• **Task directions**: Reproduce each line of the entries that carries "Audi".

• **Information**:
- Opening Delimiter -
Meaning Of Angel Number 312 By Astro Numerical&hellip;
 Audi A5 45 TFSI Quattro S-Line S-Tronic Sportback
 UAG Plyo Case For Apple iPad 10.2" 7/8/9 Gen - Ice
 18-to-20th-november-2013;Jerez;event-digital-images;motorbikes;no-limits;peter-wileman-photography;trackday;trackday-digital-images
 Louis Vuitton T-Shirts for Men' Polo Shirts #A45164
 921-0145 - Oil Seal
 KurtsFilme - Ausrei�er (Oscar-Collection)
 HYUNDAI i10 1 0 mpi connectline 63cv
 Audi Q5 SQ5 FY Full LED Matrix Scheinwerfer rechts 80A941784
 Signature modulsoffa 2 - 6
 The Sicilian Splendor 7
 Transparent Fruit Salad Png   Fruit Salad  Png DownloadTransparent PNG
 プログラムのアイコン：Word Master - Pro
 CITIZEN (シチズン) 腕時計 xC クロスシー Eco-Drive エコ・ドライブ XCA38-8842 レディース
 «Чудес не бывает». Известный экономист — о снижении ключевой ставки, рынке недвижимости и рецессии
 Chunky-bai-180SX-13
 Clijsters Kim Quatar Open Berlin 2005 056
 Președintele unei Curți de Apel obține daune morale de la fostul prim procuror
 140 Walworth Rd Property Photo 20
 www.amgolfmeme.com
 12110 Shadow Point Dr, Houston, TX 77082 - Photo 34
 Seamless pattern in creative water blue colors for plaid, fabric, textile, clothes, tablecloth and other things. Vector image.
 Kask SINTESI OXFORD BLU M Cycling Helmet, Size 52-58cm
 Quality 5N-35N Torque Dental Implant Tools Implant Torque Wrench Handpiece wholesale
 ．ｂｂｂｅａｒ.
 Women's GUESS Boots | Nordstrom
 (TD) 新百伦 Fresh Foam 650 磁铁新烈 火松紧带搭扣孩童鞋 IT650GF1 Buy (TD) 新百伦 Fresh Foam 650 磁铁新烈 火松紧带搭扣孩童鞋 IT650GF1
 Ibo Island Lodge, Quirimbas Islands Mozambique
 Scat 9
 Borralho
- Closing Delimiter -
• **Solution to this exercise**:
 Audi A5 45 TFSI Quattro S-Line S-Tronic Sportback
 Audi Q5 SQ5 FY Full LED Matrix Scheinwerfer rechts 80A941784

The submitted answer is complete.